Paul thought back to that hot day and how Jane had suddenly appeared in front of him on the track, as though she had never really died. She immediately set about talking him out of his plans and returning with him to his house, promising to always be there for him and to help him through this. "I sometimes wish you hadn't appeared to me. Then we might be together and be happy."
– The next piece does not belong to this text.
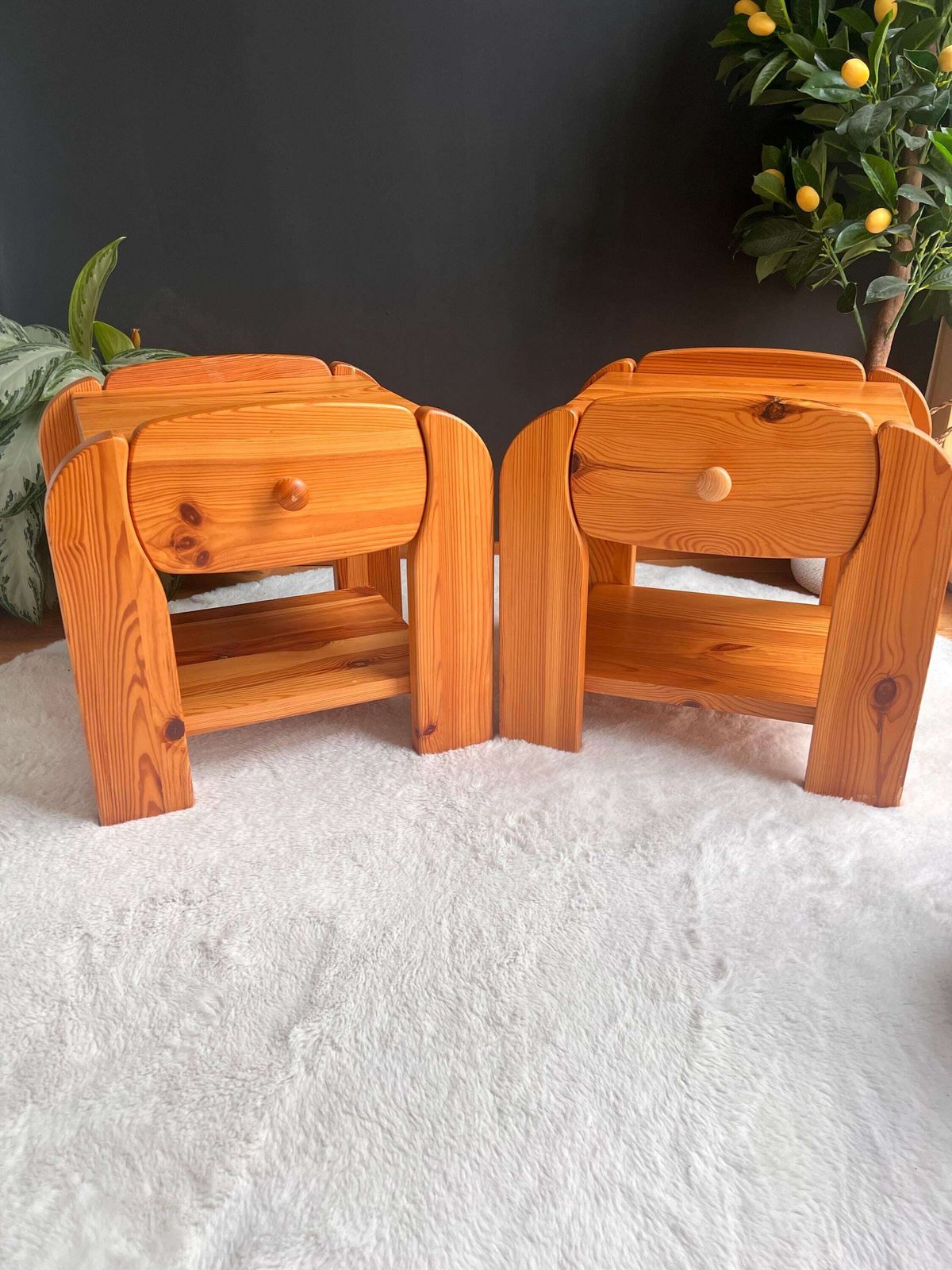 Vintage 70s Scandinavian Style Pine Nightstands   Pair Of Chunky Solid Wood Bedside Tables   Mid Century Modern Furniture photo furniture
Jane shook her head. "No Paul, I've told you before things don't work that way. We wouldn't be together and we certainly wouldn't be happy. Then there's the people left behind. I didn't have a choice about dying, it was my time. I didn't want to die, I shouldn't have died that young when I had everything to live for, but the truth is I did. But I didn't get any say in it, unlike you. Think about how your parents, brother and sister, my family and all our friends would have felt if you'd gone through with your plans."

"You've helped me so much," said Paul. "It's so strange, I know that you're gone on one hand yet over the years when you appear I think of you as a platonic friend and work colleague who has a boyfriend of her own, not my fiancé. Even if I have a really bad day and I'm down about you, when you appear I straight away think of you as my friend. Deep down I know you're one and the same, but somehow I always block it out of my mind."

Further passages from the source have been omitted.